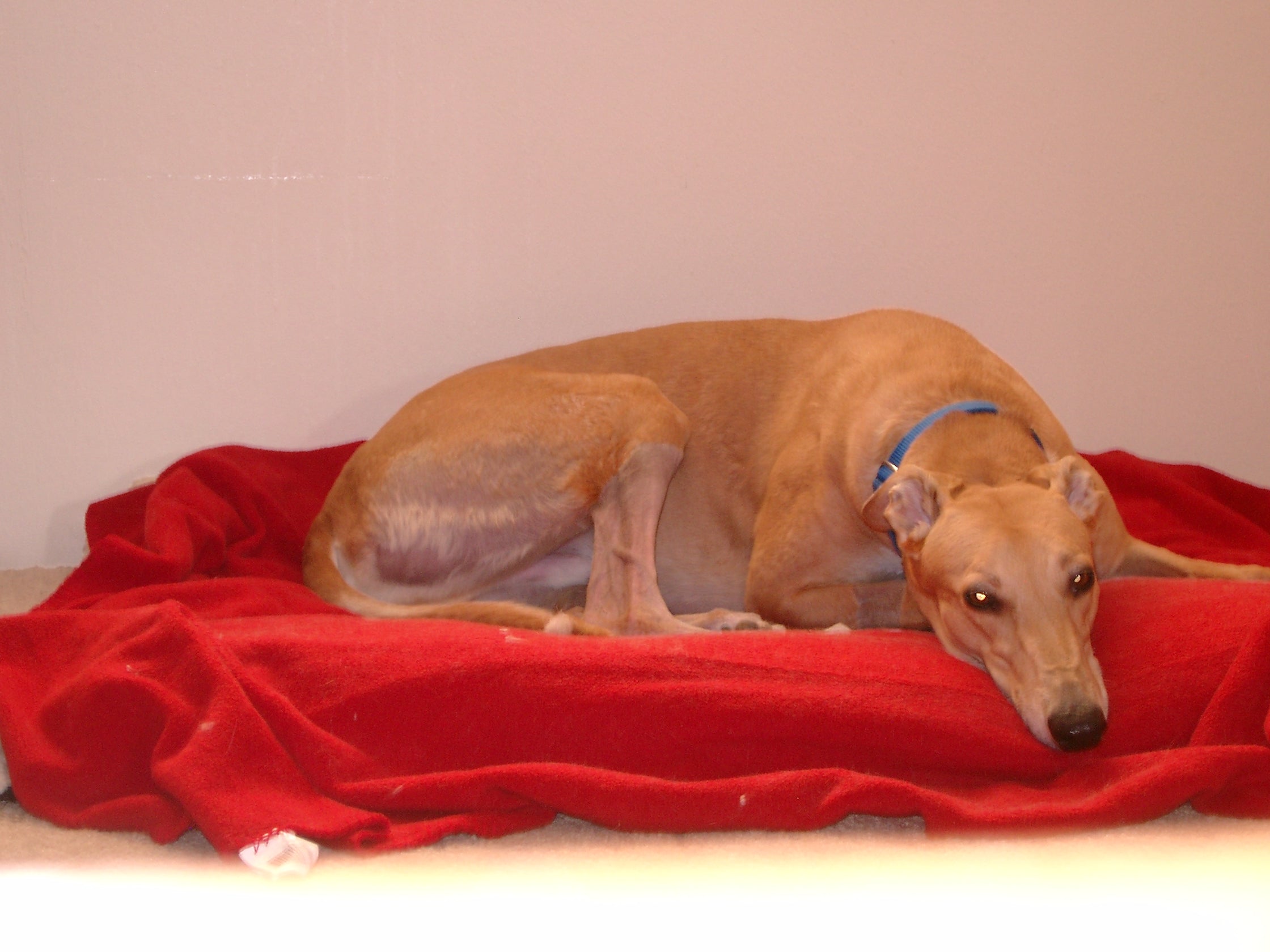 NOVEMBER IS PET CANCER AWARENESS MONTH: WHAT YOU NEED TO KNOW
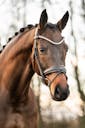 PSG HORSE FOR SALE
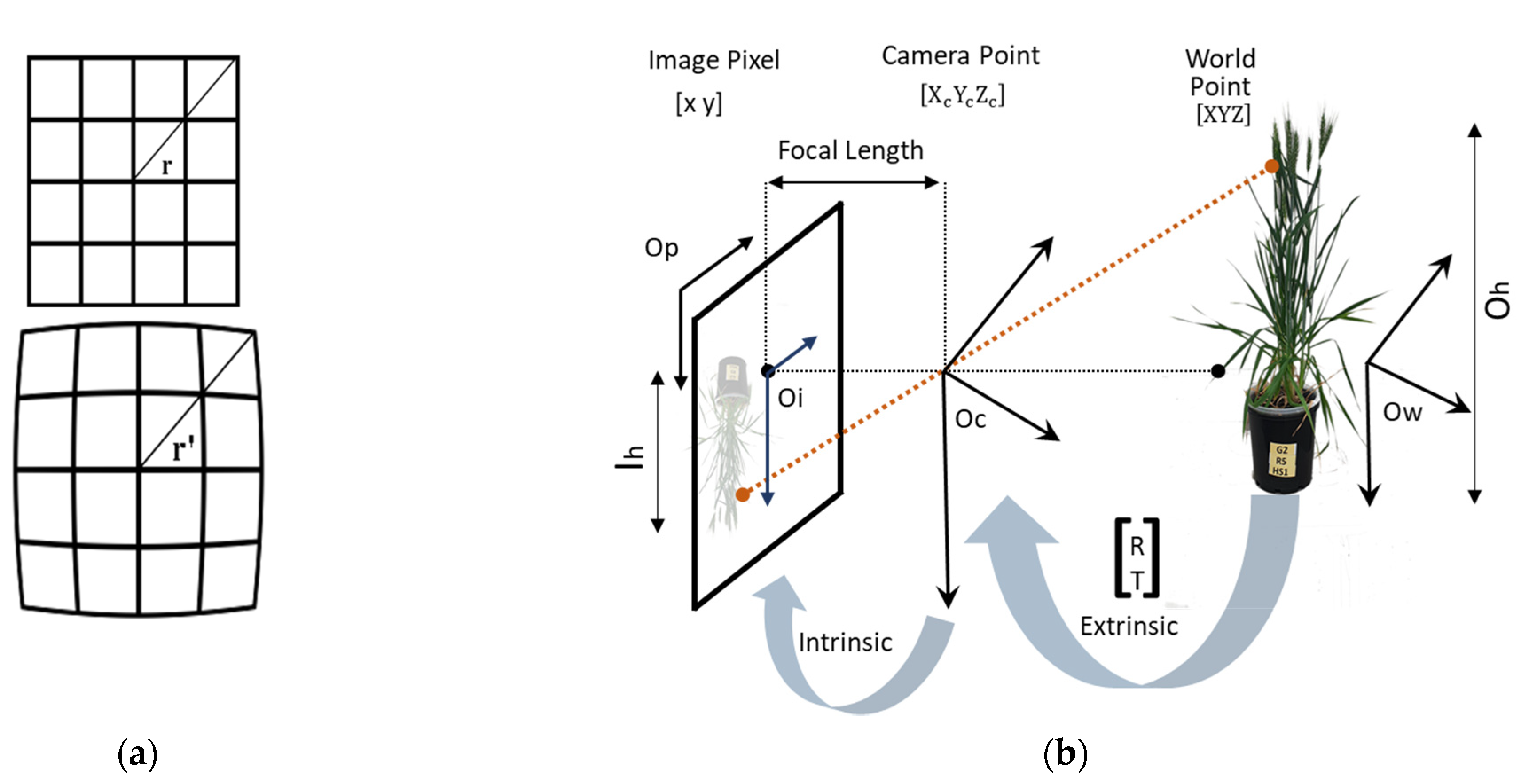 Plants 12 00317 g003 Plants 12 00317 g003
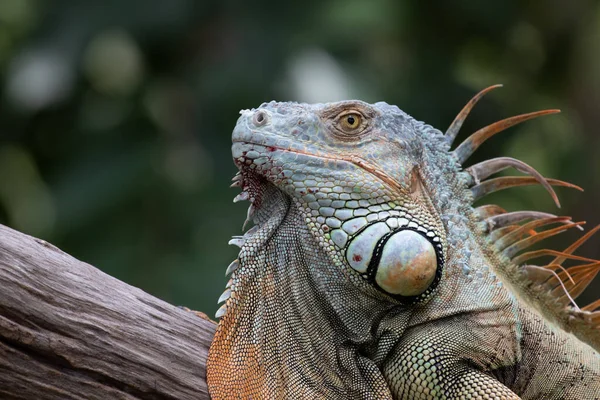 Fermer Iguana Verte Sur Arbre — Photo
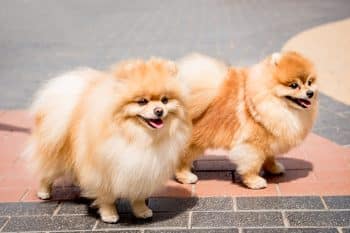 11 Outgoing Dog Breeds That Adore The Spotlight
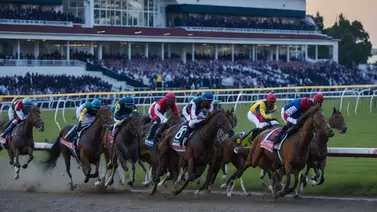Conoce a los doce potros que definen este sábado el camino hacia el Kentucky Derby Conoce a los doce potros que definen este sábado el camino hacia el Kentucky Derby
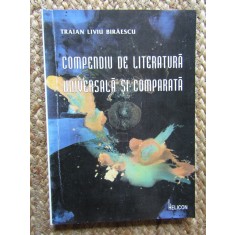 Traian Liviu Biraescu - Compendiu de literatura universala si comparata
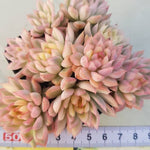 PRESALE Echeveria Mebina, Variegata Cluster, (Not so Random)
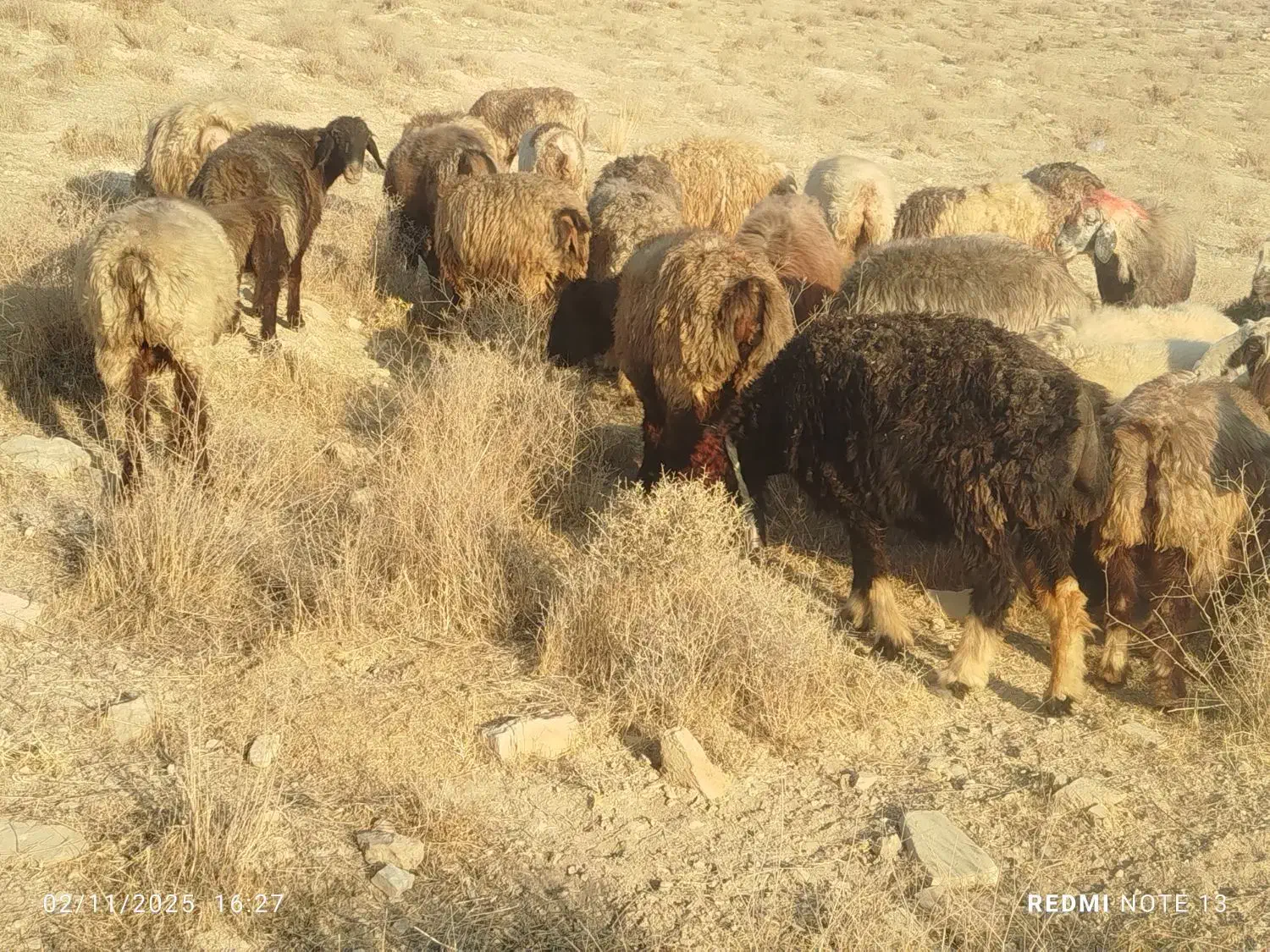 50راس میش آبستن ترکی یک دست جوان با 1قوچ|حیوانات مزرعه|شیراز, احمدآباد|دیوار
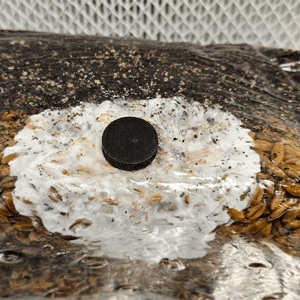 | The Magical 5lb All-in-One Mushroom Grow Bag | Mushroom Grow Kit | Harvest Your own Happiness | Discover The Magic of Growing Mushrooms - 5lb Grow Bag Mushroom Starter Kit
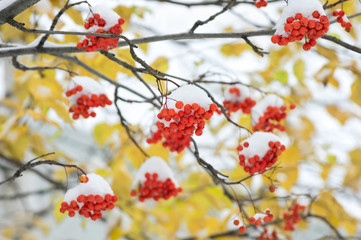 Snow-covered mountain ash against yellow leaves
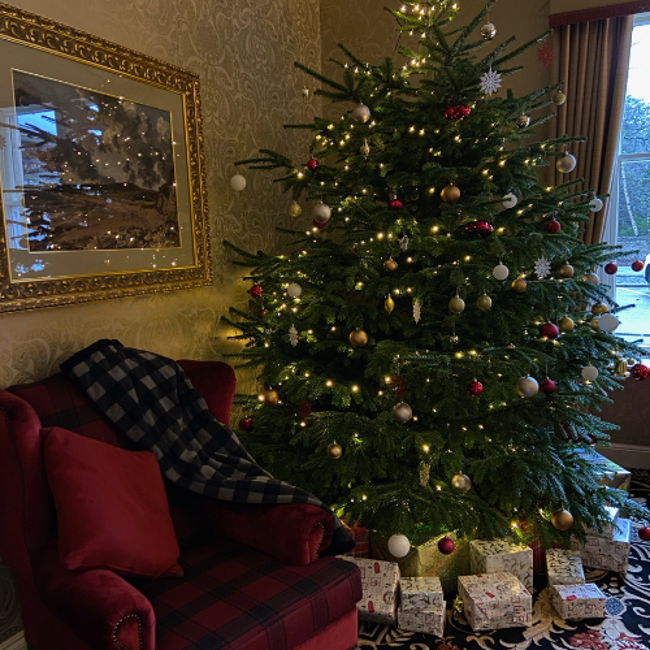 GV Festive Tree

TASK PROMPT:
Repeat each record as given. No picture belongs in the copy.

WRITTEN RESPONSE:
 NOVEMBER IS PET CANCER AWARENESS MONTH: WHAT YOU NEED TO KNOW
 PSG HORSE FOR SALE
 Plants 12 00317 g003 Plants 12 00317 g003
 Fermer Iguana Verte Sur Arbre — Photo
 11 Outgoing Dog Breeds That Adore The Spotlight
Conoce a los doce potros que definen este sábado el camino hacia el Kentucky Derby Conoce a los doce potros que definen este sábado el camino hacia el Kentucky Derby
 Traian Liviu Biraescu - Compendiu de literatura universala si comparata
 PRESALE Echeveria Mebina, Variegata Cluster, (Not so Random)
 50راس میش آبستن ترکی یک دست جوان با 1قوچ|حیوانات مزرعه|شیراز, احمدآباد|دیوار
 | The Magical 5lb All-in-One Mushroom Grow Bag | Mushroom Grow Kit | Harvest Your own Happiness | Discover The Magic of Growing Mushrooms - 5lb Grow Bag Mushroom Starter Kit
 Snow-covered mountain ash against yellow leaves
 GV Festive Tree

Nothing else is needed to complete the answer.